Signed-off-by: Lucas De Marchi <lucas.demarchi at intel.com>
---
 drivers/gpu/drm/xe/xe_lrc.c | 202 ++++++++++++++++++------------------
 1 file changed, 103 insertions(+), 99 deletions(-)

diff --git a/drivers/gpu/drm/xe/xe_lrc.c b/drivers/gpu/drm/xe/xe_lrc.c
index db0793273de0..a87541b82dda 100644
--- a/drivers/gpu/drm/xe/xe_lrc.c
+++ b/drivers/gpu/drm/xe/xe_lrc.c
@@ -13,6 +13,7 @@
 #include "regs/xe_engine_regs.h"
 #include "regs/xe_gpu_commands.h"
 #include "regs/xe_lrc_layout.h"
+#include "xe_assert.h"
 #include "xe_bb.h"
 #include "xe_bo.h"
 #include "xe_device.h"
@@ -80,33 +81,6 @@ size_t xe_lrc_size(struct xe_device *xe, enum xe_engine_class class)
 	}
 }
 
-/*
- * The per-platform tables are u8-encoded in @data.
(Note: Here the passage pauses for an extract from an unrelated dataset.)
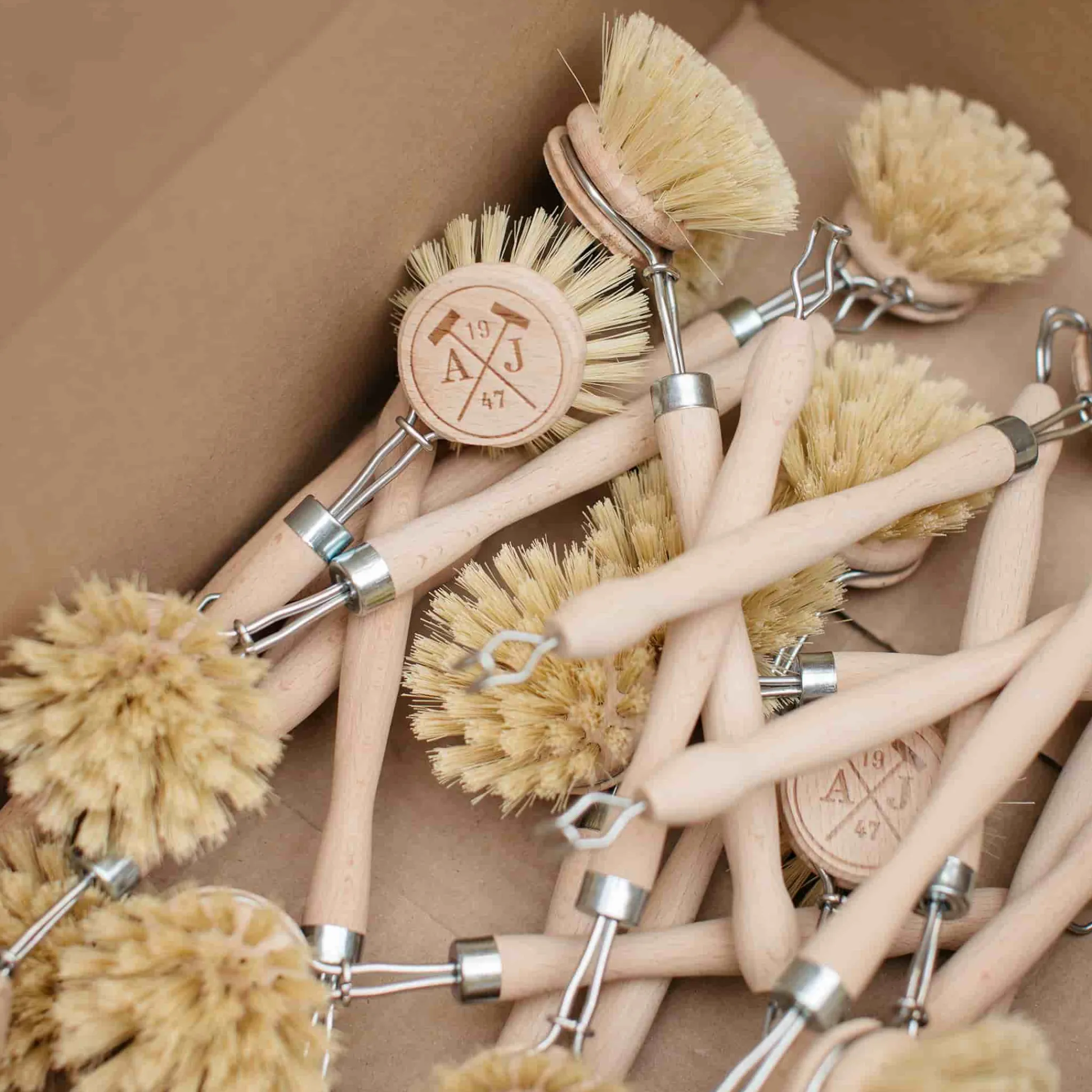 Sale Traditional Wooden Washing Up Brush Replacement Head Kitchen Tools & Utensils|Home Care & Cleaning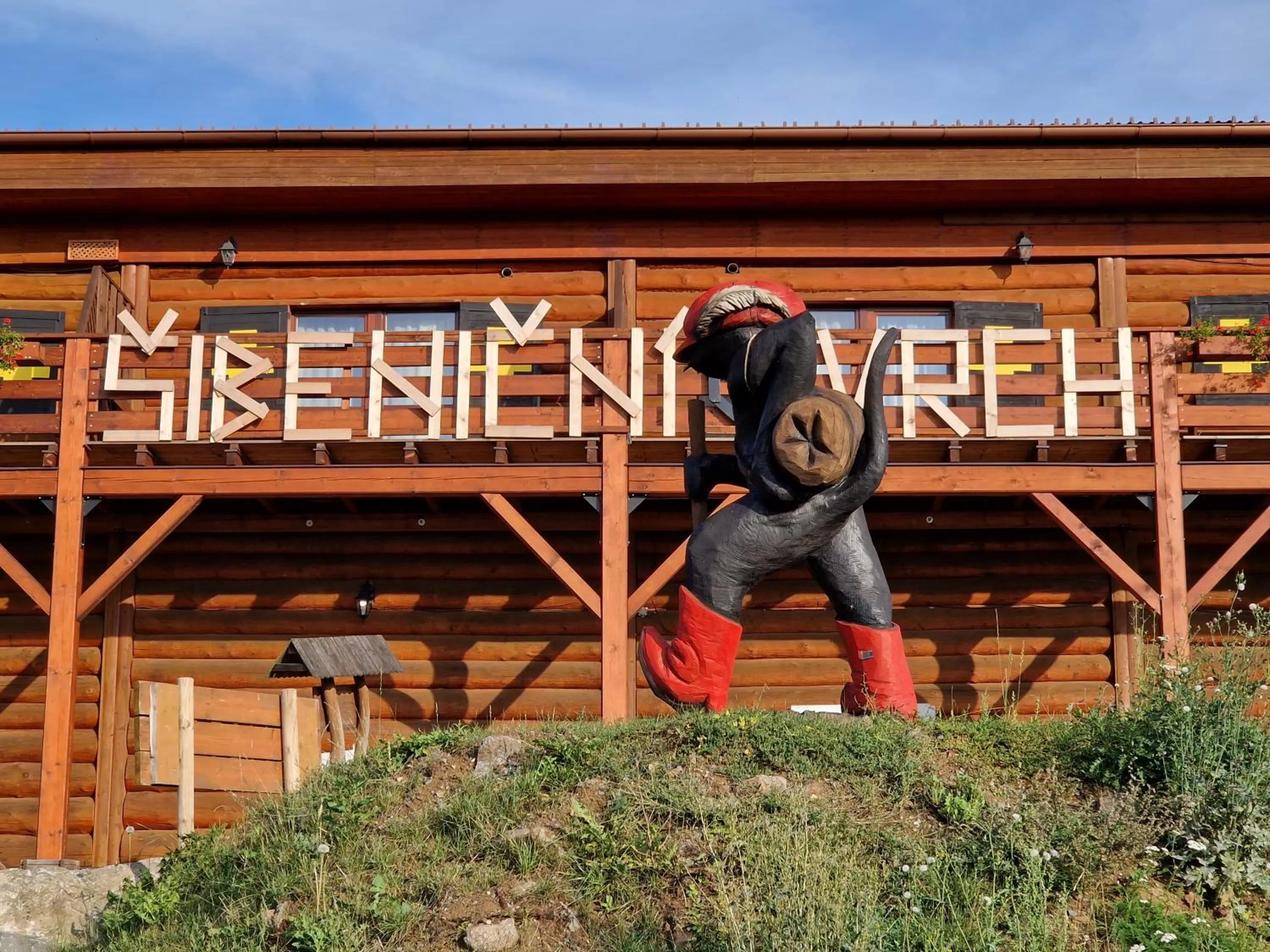 Property building in Sport-hotel Šibeniční vrch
Decode @data and set the
- * addresses' offset and commands in @regs. The following encoding is used
- * for each byte. There are 2 steps: decoding commands and decoding addresses.
- *
- * Commands:
- * [7]: create NOPs - number of NOPs are set in lower bits
- * [6]: When creating MI_LOAD_REGISTER_IMM command, allow to set
- *      MI_LRI_FORCE_POSTED
- * [5:0]: Number of NOPs or registers to set values to in case of
- *        MI_LOAD_REGISTER_IMM
- *
- * Addresses: these are decoded after a MI_LOAD_REGISTER_IMM command by "count"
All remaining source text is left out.